───── INPUT FOR THIS TASK

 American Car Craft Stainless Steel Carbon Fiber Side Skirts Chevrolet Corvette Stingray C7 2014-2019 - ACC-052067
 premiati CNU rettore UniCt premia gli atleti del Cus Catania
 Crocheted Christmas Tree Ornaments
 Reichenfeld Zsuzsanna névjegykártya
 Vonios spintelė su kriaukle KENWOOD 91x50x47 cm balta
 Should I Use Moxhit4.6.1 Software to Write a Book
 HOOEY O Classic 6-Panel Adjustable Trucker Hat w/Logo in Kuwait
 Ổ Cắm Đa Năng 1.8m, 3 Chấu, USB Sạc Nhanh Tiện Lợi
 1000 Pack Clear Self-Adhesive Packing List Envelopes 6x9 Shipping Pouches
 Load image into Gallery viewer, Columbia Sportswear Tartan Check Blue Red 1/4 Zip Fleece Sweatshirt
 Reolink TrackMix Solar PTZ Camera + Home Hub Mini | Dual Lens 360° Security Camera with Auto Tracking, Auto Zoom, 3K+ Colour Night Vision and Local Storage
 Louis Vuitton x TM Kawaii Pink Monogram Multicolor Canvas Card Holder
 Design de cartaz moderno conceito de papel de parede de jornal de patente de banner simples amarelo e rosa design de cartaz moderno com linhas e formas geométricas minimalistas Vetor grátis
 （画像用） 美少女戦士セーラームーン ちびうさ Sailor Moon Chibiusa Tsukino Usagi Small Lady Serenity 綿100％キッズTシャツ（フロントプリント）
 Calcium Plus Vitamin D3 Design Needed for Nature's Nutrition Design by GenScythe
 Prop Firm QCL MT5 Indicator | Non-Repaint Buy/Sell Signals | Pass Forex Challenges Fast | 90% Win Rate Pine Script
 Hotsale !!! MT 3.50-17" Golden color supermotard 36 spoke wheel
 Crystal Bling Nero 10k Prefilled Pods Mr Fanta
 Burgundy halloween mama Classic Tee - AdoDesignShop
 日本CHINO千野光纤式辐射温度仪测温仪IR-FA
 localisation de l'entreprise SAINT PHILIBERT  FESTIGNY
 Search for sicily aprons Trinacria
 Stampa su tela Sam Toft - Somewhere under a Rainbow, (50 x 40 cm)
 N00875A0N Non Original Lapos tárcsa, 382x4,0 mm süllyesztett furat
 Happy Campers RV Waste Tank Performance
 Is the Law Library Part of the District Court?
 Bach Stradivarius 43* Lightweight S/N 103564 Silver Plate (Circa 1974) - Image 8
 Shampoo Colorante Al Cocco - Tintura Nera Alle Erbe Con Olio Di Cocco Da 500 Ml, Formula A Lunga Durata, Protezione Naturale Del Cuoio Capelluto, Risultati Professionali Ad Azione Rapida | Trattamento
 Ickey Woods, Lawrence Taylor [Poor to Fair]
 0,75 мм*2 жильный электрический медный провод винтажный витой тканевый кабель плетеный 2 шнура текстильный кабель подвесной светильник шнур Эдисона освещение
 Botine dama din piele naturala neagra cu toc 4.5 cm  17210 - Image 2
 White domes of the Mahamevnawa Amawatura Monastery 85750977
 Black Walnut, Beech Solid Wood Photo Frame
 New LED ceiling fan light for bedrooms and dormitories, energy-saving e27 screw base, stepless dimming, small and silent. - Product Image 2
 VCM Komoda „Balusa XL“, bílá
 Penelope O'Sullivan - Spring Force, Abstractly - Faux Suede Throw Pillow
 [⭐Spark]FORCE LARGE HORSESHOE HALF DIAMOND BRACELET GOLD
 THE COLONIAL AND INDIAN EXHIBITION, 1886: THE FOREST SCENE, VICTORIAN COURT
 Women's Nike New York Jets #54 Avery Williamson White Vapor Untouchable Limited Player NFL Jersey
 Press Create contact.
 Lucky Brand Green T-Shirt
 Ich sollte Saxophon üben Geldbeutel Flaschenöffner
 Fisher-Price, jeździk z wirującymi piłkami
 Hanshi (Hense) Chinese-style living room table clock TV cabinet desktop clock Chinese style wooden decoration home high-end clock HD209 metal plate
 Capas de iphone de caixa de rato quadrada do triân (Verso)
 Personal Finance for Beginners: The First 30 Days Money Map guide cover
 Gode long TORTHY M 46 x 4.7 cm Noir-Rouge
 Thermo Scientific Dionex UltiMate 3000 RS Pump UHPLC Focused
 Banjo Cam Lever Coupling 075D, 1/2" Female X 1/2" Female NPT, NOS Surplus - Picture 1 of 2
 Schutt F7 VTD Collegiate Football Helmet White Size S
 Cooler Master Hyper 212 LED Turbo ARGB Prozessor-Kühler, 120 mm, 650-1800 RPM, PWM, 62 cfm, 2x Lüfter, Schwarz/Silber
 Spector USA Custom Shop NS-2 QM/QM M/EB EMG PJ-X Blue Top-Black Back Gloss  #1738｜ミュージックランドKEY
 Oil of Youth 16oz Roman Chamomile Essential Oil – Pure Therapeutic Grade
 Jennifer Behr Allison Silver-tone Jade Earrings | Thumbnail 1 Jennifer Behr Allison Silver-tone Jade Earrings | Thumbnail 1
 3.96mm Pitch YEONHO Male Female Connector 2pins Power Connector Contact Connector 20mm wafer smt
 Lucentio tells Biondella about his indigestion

──────────

THE PROBLEM. All lines in the listing above from the line containing "Bach Stradivarius 43*" to the line containing "VCM Komoda „Balusa", inclusive, should be retyped exactly; no other lines should appear.

SOLUTION FOR THIS PROBLEM.
 Bach Stradivarius 43* Lightweight S/N 103564 Silver Plate (Circa 1974) - Image 8
 Shampoo Colorante Al Cocco - Tintura Nera Alle Erbe Con Olio Di Cocco Da 500 Ml, Formula A Lunga Durata, Protezione Naturale Del Cuoio Capelluto, Risultati Professionali Ad Azione Rapida | Trattamento
 Ickey Woods, Lawrence Taylor [Poor to Fair]
 0,75 мм*2 жильный электрический медный провод винтажный витой тканевый кабель плетеный 2 шнура текстильный кабель подвесной светильник шнур Эдисона освещение
 Botine dama din piele naturala neagra cu toc 4.5 cm  17210 - Image 2
 White domes of the Mahamevnawa Amawatura Monastery 85750977
 Black Walnut, Beech Solid Wood Photo Frame
 New LED ceiling fan light for bedrooms and dormitories, energy-saving e27 screw base, stepless dimming, small and silent. - Product Image 2
 VCM Komoda „Balusa XL“, bílá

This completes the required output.